I'd also second the other comments that this wasn't a great example of it: profiling and swapping hash functions is classic software engineering.
Could HN please, PRETTY please introduce some feature to parse well-known URLs so it could give you a little more sense of the source? This looks like it's going to be an announcement from github.com about some cool performance improvements. Not that I don't appreciate the actual article, but it was kind of a let-down.
I know this has been discussed before, but I'm honestly mystified why this is still an issue.
When I initially saw this posted here, I was irritated. The tone grates with me, and yes - I would prefer a much drier, concise explanation if I were to receive such a pull request for my projects. I kept this to myself though, and had a look at the comments here, and I've had time to mull on why I think this is potentially dangerous behaviour.
The tone and humour in that post requires a large amount of confidence in the changes being made, in order to write about the humorously, but also in the author themselves to actually present their work in such a tone. vmg is perfectly entitled to do both of these; the pull request is detailed, shows clear motivation and research, and vmg seems to know his stuff. The problem is that GitHub encourages networking. The damage comes when other people who are less experienced, or frankly, less knowledgeable, copy his style and do produce noise.

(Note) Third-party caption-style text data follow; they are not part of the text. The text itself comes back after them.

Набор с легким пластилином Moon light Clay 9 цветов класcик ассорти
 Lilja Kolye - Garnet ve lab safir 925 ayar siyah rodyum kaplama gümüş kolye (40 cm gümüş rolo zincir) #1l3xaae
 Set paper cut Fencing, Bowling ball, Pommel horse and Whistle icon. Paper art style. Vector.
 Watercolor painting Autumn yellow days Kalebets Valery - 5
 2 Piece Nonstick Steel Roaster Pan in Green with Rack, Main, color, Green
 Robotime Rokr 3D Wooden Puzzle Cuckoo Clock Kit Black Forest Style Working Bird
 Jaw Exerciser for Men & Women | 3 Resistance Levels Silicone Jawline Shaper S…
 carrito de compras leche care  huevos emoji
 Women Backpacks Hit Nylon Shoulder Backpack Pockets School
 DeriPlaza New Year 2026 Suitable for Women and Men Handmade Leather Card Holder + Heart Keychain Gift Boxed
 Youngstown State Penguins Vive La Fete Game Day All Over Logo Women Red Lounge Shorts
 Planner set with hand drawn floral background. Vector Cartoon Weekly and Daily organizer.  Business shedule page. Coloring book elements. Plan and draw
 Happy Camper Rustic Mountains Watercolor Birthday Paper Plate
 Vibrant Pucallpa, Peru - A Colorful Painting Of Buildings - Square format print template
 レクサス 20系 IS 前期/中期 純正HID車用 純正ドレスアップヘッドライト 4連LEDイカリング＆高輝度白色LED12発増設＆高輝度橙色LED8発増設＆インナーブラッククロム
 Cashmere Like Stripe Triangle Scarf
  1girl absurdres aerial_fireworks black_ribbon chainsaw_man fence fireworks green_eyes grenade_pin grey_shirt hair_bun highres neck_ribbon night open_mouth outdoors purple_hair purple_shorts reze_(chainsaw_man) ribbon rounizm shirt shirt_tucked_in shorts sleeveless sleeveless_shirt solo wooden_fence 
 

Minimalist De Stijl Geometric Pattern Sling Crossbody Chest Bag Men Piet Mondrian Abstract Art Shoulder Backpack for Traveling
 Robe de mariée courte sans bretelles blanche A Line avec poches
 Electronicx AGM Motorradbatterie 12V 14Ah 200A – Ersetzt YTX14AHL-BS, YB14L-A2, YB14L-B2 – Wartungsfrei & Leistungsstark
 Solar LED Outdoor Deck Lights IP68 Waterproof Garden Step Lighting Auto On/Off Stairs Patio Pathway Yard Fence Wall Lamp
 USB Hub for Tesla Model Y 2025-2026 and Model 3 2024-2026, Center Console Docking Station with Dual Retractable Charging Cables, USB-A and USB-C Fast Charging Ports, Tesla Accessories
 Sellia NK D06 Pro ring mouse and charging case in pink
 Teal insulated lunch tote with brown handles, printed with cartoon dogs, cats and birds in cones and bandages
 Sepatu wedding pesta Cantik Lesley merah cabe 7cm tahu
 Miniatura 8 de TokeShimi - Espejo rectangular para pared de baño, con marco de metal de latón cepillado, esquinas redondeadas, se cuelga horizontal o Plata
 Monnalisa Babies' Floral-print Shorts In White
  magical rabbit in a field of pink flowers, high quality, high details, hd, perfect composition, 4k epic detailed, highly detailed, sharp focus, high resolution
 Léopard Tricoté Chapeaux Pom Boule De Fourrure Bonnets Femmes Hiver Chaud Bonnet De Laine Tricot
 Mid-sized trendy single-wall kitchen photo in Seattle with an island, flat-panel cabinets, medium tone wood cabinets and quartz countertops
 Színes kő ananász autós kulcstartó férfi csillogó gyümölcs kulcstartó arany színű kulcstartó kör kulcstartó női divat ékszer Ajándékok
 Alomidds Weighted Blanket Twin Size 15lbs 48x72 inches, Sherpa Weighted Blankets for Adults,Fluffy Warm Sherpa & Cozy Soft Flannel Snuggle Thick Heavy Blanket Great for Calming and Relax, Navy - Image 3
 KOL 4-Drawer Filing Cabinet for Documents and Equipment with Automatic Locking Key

I worry about a risk of imitation of this culture, but missing the crucial underlying detail and explanation that's hidden in vmg's writing. I worry reasoning with this people will be difficult because they have trained themselves to have such arrogance in their work.
I prefer a dry report not only because it is succinct, not only because it makes my life easier to understand, but also because it encourages a disciplined state of mind. If you aren't able to write about something in a mature dry tone and back it up (that is, not cover up with humour), then you should doubt your work until you can amply support it. Yes, life is short, but it's also so short that I would like to get things done; rather than have to potentially argue past people to get important points across. Lets put this creativity into making great stuff, not making great pull request comments, eh?
Finally, all of this stuff builds a record for the project. A succinct, yet detailed, pull request is much more accessible a year down the line to understand the changes in more detail. Of course, this detail should be in the commit messages (and I do criticise vmg on poor commit messages here), but every bit of writing contributes towards project documentation, at some level. The more we can create a habit to create mature, if somewhat monotonous, technical writing, I do think the better.
So no, it's not just a "I HATE HIS FUN" argument; there are more reaching concerns, no matter how exaggerated you might think they are.
I found it whimsical and funny, I don't see it as brogramming. It was also a very good pull request, so this further decreases my brogramming expectation.
One thing on my "bucket list" is to "use a bloom filter for something". They seem like such awesome data structures but I've never found a place to use one :-(
Chrome uses them for the "safe browsing" filter. Google HQ makes a bloom filter out of all the blocked websites and sends out the filter occasionally in an update. That way Chrome can test the URL you're about to visit for membership in the huge blacklist without taking much network/disk/memory/CPU. Of course there could be false positives but Chrome only has to phone home to double-check on possible matches. http://blog.alexyakunin.com/2010/03/nice-bloom-filter-applic...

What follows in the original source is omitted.